#### YOUR GOAL
Your answer should be a single number: how many lines in the data below hold the string "Street".

#### DATASET RECORDS
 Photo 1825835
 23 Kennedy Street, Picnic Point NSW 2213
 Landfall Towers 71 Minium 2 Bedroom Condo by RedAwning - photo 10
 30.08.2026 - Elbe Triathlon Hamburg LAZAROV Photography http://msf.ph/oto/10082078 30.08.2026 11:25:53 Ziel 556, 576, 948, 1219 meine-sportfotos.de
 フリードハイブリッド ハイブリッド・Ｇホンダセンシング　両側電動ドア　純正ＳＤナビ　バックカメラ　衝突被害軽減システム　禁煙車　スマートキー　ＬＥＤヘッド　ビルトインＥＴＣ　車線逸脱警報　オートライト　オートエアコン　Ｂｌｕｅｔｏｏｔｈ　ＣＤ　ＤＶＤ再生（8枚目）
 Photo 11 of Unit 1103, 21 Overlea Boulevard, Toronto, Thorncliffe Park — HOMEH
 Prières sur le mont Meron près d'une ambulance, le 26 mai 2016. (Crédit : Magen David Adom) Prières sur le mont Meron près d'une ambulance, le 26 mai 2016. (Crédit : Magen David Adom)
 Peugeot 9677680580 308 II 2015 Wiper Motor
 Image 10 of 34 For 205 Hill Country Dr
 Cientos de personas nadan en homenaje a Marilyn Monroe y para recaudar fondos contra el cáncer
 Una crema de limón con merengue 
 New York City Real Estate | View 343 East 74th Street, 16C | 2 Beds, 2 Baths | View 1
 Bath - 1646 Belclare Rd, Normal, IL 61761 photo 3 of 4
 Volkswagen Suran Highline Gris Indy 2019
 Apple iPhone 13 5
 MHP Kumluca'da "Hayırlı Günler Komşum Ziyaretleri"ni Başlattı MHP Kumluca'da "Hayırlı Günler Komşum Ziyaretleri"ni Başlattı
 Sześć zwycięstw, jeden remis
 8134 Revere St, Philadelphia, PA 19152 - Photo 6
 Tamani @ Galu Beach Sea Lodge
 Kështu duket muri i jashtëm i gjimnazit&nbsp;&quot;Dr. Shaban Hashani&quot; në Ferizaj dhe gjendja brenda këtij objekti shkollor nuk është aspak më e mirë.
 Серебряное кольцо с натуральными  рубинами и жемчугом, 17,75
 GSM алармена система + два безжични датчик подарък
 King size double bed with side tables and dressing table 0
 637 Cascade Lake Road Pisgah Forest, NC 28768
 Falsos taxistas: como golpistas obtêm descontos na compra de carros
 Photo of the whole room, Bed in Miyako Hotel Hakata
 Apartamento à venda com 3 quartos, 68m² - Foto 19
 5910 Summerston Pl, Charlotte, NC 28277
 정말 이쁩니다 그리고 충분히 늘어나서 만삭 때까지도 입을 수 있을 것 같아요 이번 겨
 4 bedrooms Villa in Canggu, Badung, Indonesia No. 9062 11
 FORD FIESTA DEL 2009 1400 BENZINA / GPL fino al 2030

#### EXERCISE RESULT
2